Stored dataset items
= Beginning of Section =
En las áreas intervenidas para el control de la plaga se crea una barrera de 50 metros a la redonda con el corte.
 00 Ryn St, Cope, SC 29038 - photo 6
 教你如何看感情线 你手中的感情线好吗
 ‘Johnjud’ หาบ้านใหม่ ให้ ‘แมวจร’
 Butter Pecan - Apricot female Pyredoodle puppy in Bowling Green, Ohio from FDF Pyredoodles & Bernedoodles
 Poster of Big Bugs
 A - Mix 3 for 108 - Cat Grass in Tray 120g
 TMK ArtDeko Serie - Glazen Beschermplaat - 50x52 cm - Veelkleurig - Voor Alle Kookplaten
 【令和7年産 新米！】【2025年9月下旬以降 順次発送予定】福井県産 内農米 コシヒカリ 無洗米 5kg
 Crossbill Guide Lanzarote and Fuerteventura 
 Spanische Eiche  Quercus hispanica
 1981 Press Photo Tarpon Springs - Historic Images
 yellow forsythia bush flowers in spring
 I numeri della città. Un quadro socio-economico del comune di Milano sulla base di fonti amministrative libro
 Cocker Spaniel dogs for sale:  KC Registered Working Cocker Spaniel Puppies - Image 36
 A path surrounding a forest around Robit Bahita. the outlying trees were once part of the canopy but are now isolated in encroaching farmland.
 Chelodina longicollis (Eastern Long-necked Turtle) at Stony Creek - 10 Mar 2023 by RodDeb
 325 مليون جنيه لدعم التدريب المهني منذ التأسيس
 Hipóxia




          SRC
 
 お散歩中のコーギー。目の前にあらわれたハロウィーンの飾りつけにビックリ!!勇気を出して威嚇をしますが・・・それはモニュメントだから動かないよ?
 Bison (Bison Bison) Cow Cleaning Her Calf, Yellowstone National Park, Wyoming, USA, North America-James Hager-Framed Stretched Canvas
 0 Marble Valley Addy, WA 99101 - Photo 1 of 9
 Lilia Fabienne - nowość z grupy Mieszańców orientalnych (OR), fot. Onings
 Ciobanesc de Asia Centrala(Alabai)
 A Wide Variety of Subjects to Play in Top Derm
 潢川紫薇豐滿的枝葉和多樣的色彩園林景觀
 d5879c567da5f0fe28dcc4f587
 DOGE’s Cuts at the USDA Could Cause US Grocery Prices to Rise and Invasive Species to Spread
= End of Section =
§ **Exercise objective**: Taking the line with "Crossbill Guide Lanzarote and Fuerteventura" as the first and the line with "A path surrounding" as the last, retype that stretch of the data above exactly, with no other lines.

§ **Solution for this problem**:
 Crossbill Guide Lanzarote and Fuerteventura 
 Spanische Eiche  Quercus hispanica
 1981 Press Photo Tarpon Springs - Historic Images
 yellow forsythia bush flowers in spring
 I numeri della città. Un quadro socio-economico del comune di Milano sulla base di fonti amministrative libro
 Cocker Spaniel dogs for sale:  KC Registered Working Cocker Spaniel Puppies - Image 36
 A path surrounding a forest around Robit Bahita. the outlying trees were once part of the canopy but are now isolated in encroaching farmland.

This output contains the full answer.